Reproduces lattice QCD equations of state above 2 T_c

Analyzes large-$N_c$ limits and their QCD equivalences

Estimates Upsilon meson dissociation temperature

Abstract

We propose a quasiparticle approach allowing to compute the equation of state of a generic gauge theory with gauge group SU($N_c$) and quarks in an arbitrary representation. Our formalism relies on the thermal quasiparticle masses (quarks and gluons) computed from Hard-Thermal-Loop techniques, in which the standard two-loop running coupling constant is used. Our model is minimal in the sense that we do not allow any extra ansatz concerning the temperature-dependence of the running coupling.
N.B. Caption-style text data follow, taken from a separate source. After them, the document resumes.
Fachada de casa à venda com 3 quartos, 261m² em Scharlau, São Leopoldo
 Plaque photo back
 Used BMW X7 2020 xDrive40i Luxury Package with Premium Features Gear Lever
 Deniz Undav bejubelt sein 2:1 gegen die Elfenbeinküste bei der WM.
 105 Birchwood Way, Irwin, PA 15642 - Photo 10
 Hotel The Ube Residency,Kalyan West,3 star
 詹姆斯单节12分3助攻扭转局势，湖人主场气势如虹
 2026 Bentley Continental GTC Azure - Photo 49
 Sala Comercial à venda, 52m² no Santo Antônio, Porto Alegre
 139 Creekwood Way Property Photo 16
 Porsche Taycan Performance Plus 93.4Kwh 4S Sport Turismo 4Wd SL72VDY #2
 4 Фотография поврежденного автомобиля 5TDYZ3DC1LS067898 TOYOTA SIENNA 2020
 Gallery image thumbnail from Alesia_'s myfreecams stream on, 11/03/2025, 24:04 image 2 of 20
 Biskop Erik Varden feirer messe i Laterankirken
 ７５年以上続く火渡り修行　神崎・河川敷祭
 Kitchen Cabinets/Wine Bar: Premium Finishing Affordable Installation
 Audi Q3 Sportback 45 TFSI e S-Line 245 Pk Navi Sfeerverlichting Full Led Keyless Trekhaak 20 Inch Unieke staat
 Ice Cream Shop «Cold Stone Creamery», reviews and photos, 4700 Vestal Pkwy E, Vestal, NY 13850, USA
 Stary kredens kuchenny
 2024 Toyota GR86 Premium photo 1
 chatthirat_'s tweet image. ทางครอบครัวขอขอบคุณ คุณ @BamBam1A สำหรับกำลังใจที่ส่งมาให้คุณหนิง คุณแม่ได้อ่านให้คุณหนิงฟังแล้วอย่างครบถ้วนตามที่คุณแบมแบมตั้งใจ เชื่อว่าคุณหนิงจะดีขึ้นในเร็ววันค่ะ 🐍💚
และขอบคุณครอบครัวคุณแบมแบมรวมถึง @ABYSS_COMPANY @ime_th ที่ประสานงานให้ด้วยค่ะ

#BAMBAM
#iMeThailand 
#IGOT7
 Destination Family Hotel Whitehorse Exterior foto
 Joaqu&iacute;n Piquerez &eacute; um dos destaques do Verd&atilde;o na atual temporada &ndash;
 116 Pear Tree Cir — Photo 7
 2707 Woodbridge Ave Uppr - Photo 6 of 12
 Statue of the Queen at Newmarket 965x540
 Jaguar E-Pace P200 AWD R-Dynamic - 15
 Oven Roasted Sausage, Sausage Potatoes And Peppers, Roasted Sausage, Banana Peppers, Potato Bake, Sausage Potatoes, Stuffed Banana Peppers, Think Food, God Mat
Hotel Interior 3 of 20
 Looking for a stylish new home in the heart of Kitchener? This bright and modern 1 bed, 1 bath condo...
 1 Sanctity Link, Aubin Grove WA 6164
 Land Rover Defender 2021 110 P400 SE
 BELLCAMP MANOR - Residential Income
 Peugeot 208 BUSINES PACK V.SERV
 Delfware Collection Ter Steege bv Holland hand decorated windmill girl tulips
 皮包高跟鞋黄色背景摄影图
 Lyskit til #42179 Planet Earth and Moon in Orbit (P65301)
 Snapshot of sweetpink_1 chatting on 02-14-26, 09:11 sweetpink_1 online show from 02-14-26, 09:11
We first show that it is able to reproduce the most recent equations of state computed on the lattice for temperatures higher than 2 $T_c$. In this range of temperatures, an ideal gas framework is indeed expected to be relevant. Then we study the accuracy of various inequivalent large-$N_c$ limits concerning the description of the QCD results, as well as the equivalence between the QCD$_{AS}$ limit and the ${\cal N}=1$ SUSY Yang-Mills theory. Finally, we estimate the dissociation temperature of the $\Upsilon$-meson and comment on the estimations' stability regarding the different considered large-$N_c$ limits.